L’écrit vu par les apprenants et les enseignants
L’écrit joue un rôle important dans la réussite et l’ascension de l’échelle sociale des individus, aussi bien dans le milieu éducatif que professionnel. Par ailleurs, il est difficile d’imaginer, dans une société où l’écrit est omniprésent, une personne réussir socialement, sans en avoir la moindre maitrise. De même qu’il est impossible, pour un apprenant, de suivre une scolarité avec des chances de réussite suffisantes, sans cette connaissance indispensable. Les travaux réalisés par certains chercheurs tel que Christine BARRE-DE MINIAC1 , dans ce domaine, ont confirmé la liaison entre la notion de représentation et celle de l’écrit, laquelle permet d’appréhender le rapport que les élèves entretiennent avec ce dernier, dans un contexte scolaire bien défini, d’autant plus qu’ils se voient toujours proposer diverses tâches d’écriture. En effet, la notion de représentation, à son tour, est de plus en plus présente dans le champ des études didactiques (et linguistiques); elle joue un rôle important dans l’enseignement-apprentissage, comme le souligne ces propos de Christine BARRE-DE MINIAC : « la notion de représentation s’avère utile pour une meilleure connaissance et une meilleure compréhension du rapport à l’écriture et de sa construction . » En ce qui nous concerne, le présent travail se propose d’identifier et d’analyser les représentations de l’écrit chez les élèves de la troisième année secondaire, en se référant, essentiellement, aux travaux de Christine BARRE-DE Miniac. On conçoit donc aisément qu’il s’inscrit dans le champ de la didactique de l’écrit. Le choix de ce sujet de recherche trouve sa justification dans des raisons scientifiques, d’abord, personnelles, ensuite. En premier lieu, l’écrit étant une pratique constante, dans le milieu scolaire, les recherches qu’on lui consacre gardent un intérêt intact, alors même que de nombreuses études existent déjà. Citons, par exemple, les travaux de Sandrine Onillon et de Christine BARRE-DE MINIAC,ainsi que le colloque organisé par Dufays et Thyrion, en 2004 .

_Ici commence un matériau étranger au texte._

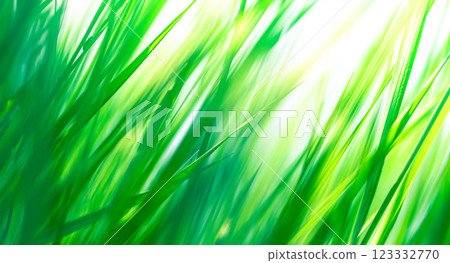green natural abstract background with blurred grass and sun green natural abstract background with blurred grass and sun 123332770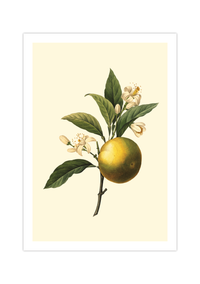 Dieses vintage Poster zeigt eine Obst Zeichnung einer Orange im viktorianischen Stil.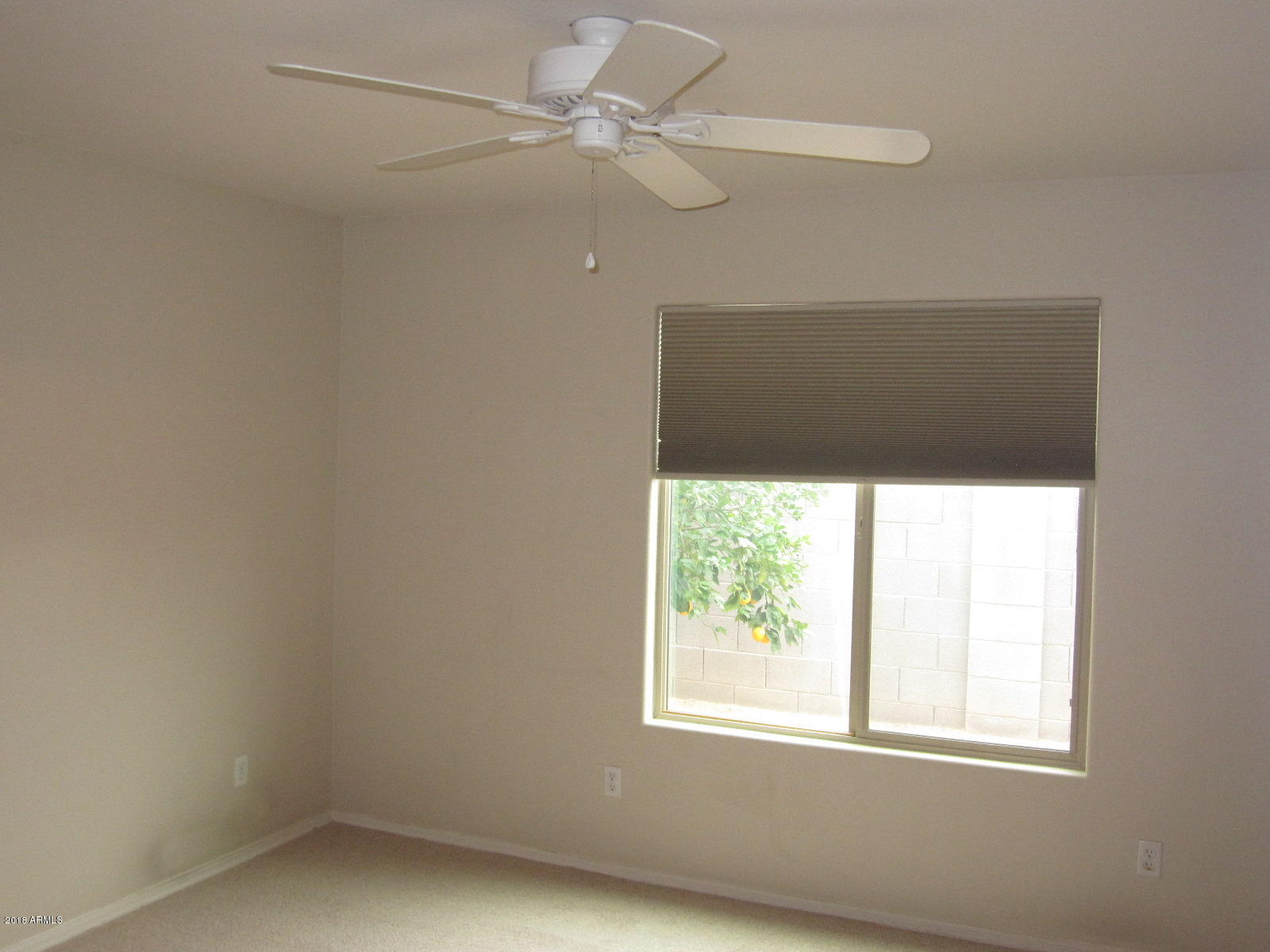 2574 South Powell Road Apache Junction, AZ 85119 - Photo 8 of 12 Marquita Estate 2 010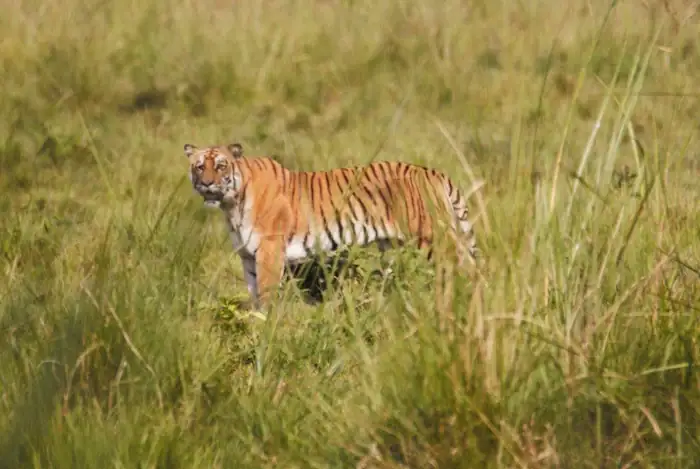 Bengal tiger in Chitwan National Park in Nepal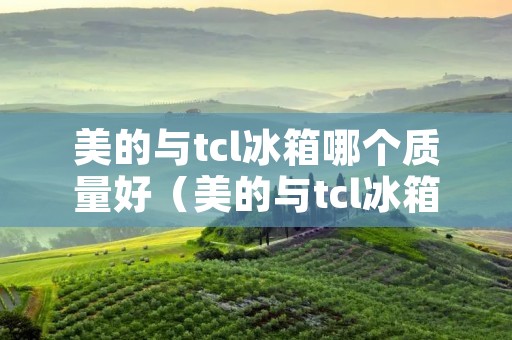 美的与tcl冰箱哪个质量好（美的与tcl冰箱哪个质量好一些）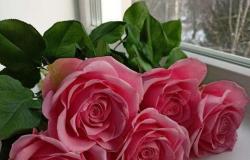 Розы из фоамирана в Томске - объявление №1843152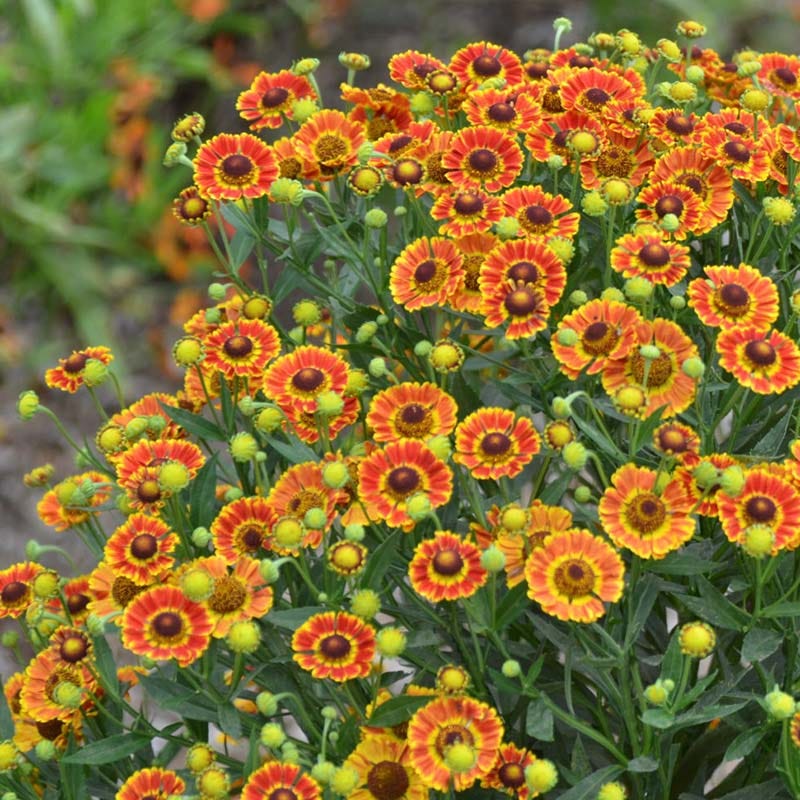 Mariachi™ Fuego Helenium - Image 2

Ensuite, l’enseignement apprentissage algérien est évolutif, dans la mesure où son histoire témoigne d’une série de changements dont l’un des plus marquants est la réforme de 2002. Cette dernière qui a été signée, on le rappelle, par l’ancien ministre de l’éducation, BENBOUZID5 a permis l’introduction de l’approche par compétence. L’approche par compétence est une méthodologie éducative centrée sur l’apprenant, plus précisément sur ses besoins en communication englobant l’oral et l’écrit, ce qui est important dans un contexte scolaire et extra scolaire. Enfin, notre expérience dans le milieu scolaire, nous a permise observer que beaucoup d’apprenants appréhendent l’épreuve de l’écrit, en outre, la troisième année secondaire est une année charnière qui est sanctionnée à la fin par l’examen du baccalauréat : « Elle est une année qui parachève le cycle scolaire, elle a pour but de finaliser les apprentissages du cycle et de préparer l’apprenant à l’examen du baccalauréat ».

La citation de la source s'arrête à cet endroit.